Taxation in Slovakia

Slovakia uses a typical European taxation system. It includes taxes on income and property for companies and individuals, VAT, various duties, and excise taxes. The country has some advantages, such as a low dividend tax and flexible business rules. To register for VAT, the tax authorities require a turnover of 50,000 euros in the domestic market, which may limit some companies. However, registration under a different clause is easy, allowing businesses to issue invoices abroad, although the input tax cannot be deducted. When a company orders services abroad with reverse payment, a VAT liability arises.
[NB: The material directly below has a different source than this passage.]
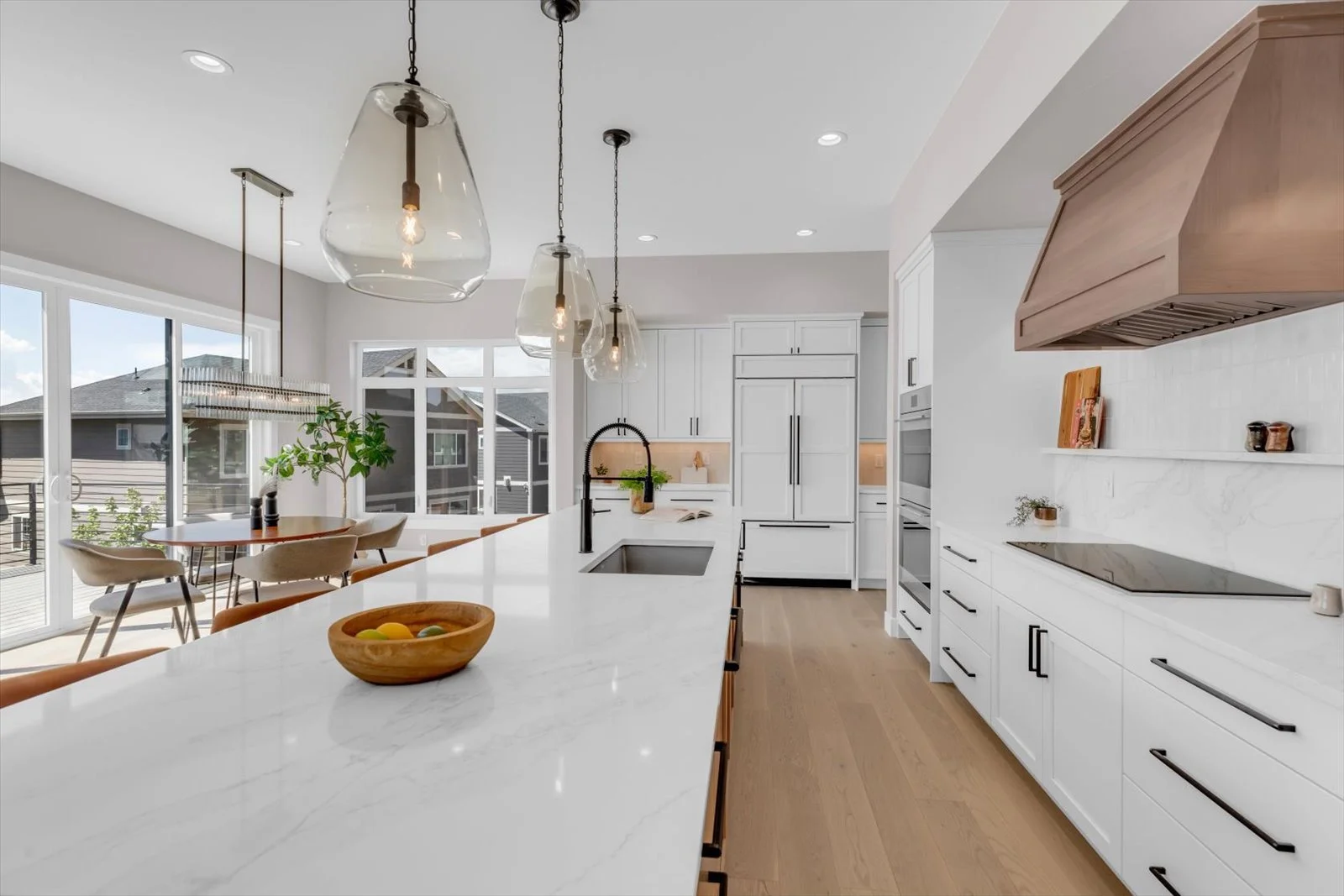 Kitchen island with a white countertop, black faucet, glass pendants, and wood range hood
VAT in Slovakia is 20%, and when importing into the European , it is paid at the border point. VAT management in Slovakia is similar to other countries, but the VAT credit is returned to businesses with a one-month delay and regular inspections are carried out.
 
Tax Benefits
 
 
Slovakia has its own taxation system that may be of interest to entrepreneurs. In this country, the tax rate for businesses is 21%, and for individuals – 19-25%. This may seem high to some, but Slovakia has its advantages. One such advantage is that any self-employed person can deduct up to 20,000 euros as a fixed expense without any special justification.
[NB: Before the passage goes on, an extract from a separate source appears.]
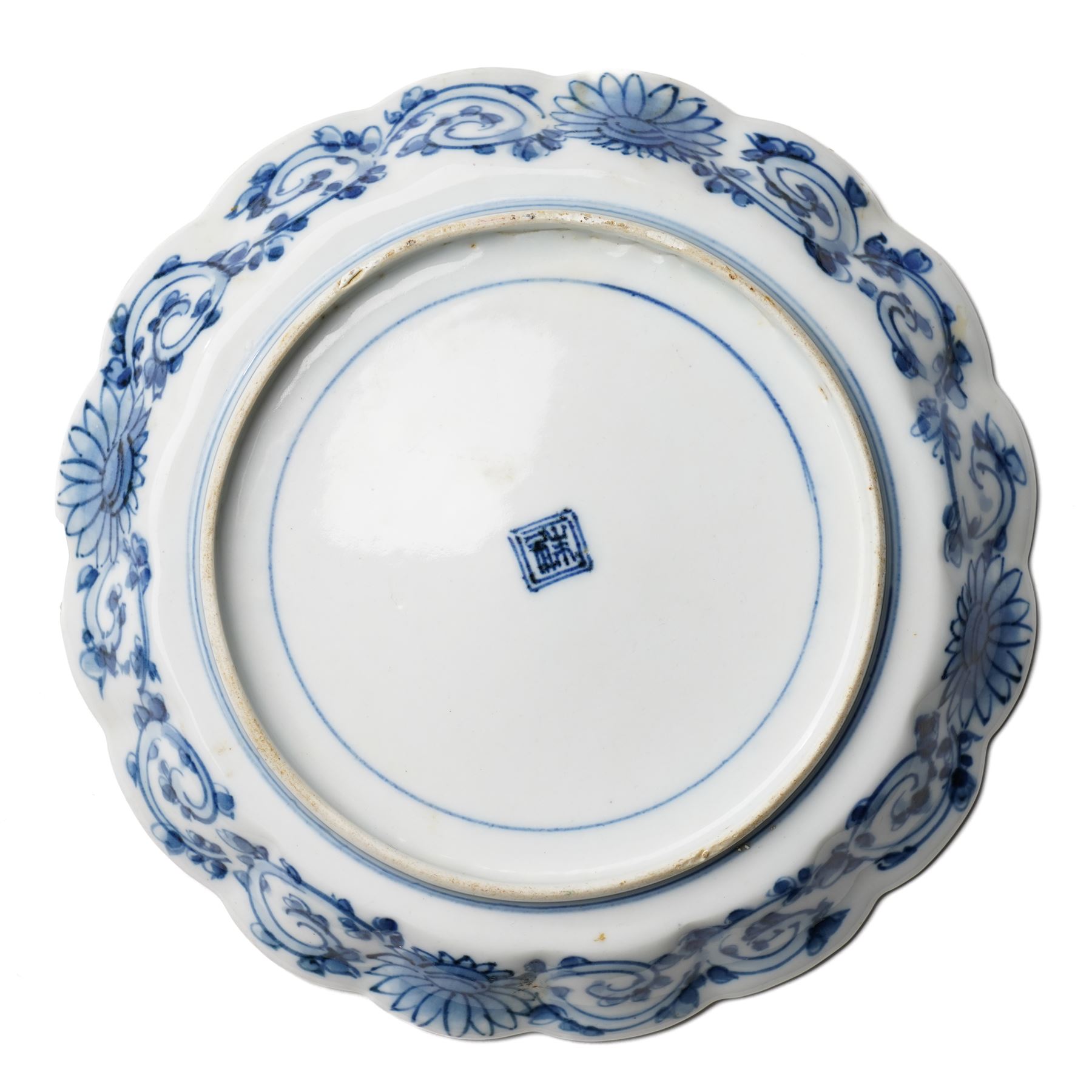 Pair of Japanese Edo period Ko Kutani dishes, decorated in green, yellow, blue iron-red, and aubergine enamels, the centres painted with a singing bird perched on a rock among foliage, within a border of alternating geometric designs and a chocolate-brown rim, the reverse with underglaze blue foliage, Fuku mark, D20.8cm (2) A matching pair of dishes is held in the collection of the Cleveland Museum of Art (see accession no. 1964.262)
Slovakia has signed conventions for the avoidance of double taxation. Corporations in this country are taxed only on corporate profit. Since 2017, there has been a seven percent tax on dividends at the shareholder level. Corporate shareholders do not pay this tax on profits. If a company's annual sales do not exceed 50,000 euros, the corporate income tax rate is reduced to 15%.

There are opportunities to optimize accounting policies and reduce tax expenses. For example, firms can deduct 150% of the costs for research and development. However, companies must consider restrictions on loss carryforward, which cannot exceed 5 years and 50% of profits, as well as a cap on expense deductions, which is limited to 5,000 euros. Another limitation is that expenses for services can only be deducted in the year of payment from taxable income.
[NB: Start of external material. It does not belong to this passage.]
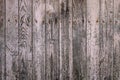 Detail of old rustic wooden planks wall with scraps of pink flacking paint, grunge texture Royalty Free Stock Photo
If a company meets certain criteria, an audit is mandatory. However, if the activities are split into unrelated businesses, an audit can be avoided.

Advantages of s.r.o. & k.s.

The establishment of an s.r.o. and k.s. association involves creating a limited liability company, usually with one owner who becomes a general partner in the subsequently created limited partnership. The sole owner of the LLC becomes a partner in the limited liability partnership.

It is possible to create small businesses between a shareholder and the parent company to use the lower 15% tax rate. These businesses do not require registration under the fourth VAT clause and issue only local invoices, which makes the management process more efficient. If such firms are structured as k.s., foreign owners pay only seven percent tax on dividends. The total tax burden in Slovakia is only 21%, allowing for significant savings.

Slovak law also allows firms to have a fiscal year different from the calendar year, which can be useful for deferring tax declarations when distributing profits to shareholders abroad. Entrepreneurs relocating their activities here may benefit from lower wages and costs. It should be noted that additional expenses may arise due to tax progression.

A holding function can be a good solution, allowing tax-free receipt and distribution of profits. An LLC with a permanent establishment can receive dividends from a subsidiary in another EU country and further distribute them to a limited partnership. However, it is necessary to consider the tax aspects in the country of residence.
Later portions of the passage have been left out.